Raila Odinga, Kenya’s main opposition leader, declared himself the “people’s president” yesterday at a controversial “swearing-in” ceremony in Nairobi.
Despite a warning that the ceremony amounted to treason, the event attracted thousands of NASA supporters to Uhuru Park in the Kenyan capital. The day before, the UK High Commisison had urged expats to ‘plan accordingly’ if they intended to be in and around the area during the “ceremony”.
Elections were first held in August. Following a second victory in the re-run, ordered by the Supreme Court but boycotted by Mr Odinga, President Uhuru Kenyatta was sworn in for a second term last November.

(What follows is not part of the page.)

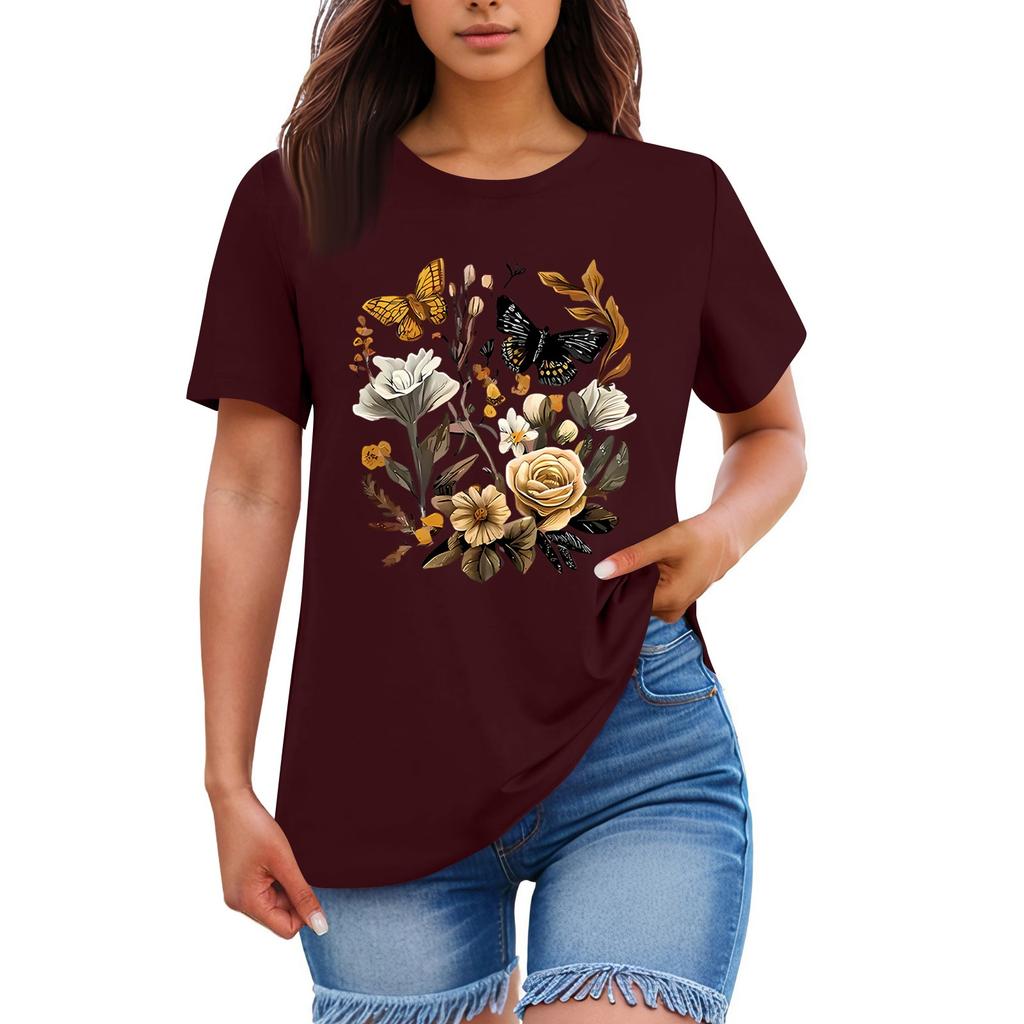 Ladies' Loose Comfortable Casual Fashionable Plant Flower Printed Round Neck Short Sleeved Shirt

Holding a Bible in his right hand, Mr Odinga declared that he was answering to a “high[er] calling to assume the office of the people’s president of the Republic of Kenya”.
Addressing his supporters, Mr Odinga said that Kenyans had had enough of election rigging and the event was a step towards establishing a proper democracy in the country.
However, according to BBC reporter Alastair Leithead, the ‘swearing in’ was a public relations stunt that ended in disappointment for many opposition supporters with Mr Odinga turning up for just 20 minutes. During his brief appearance, he signed a statement, swore an oath and left the stage, leaving many supporters to wonder why it was such a low-key affair.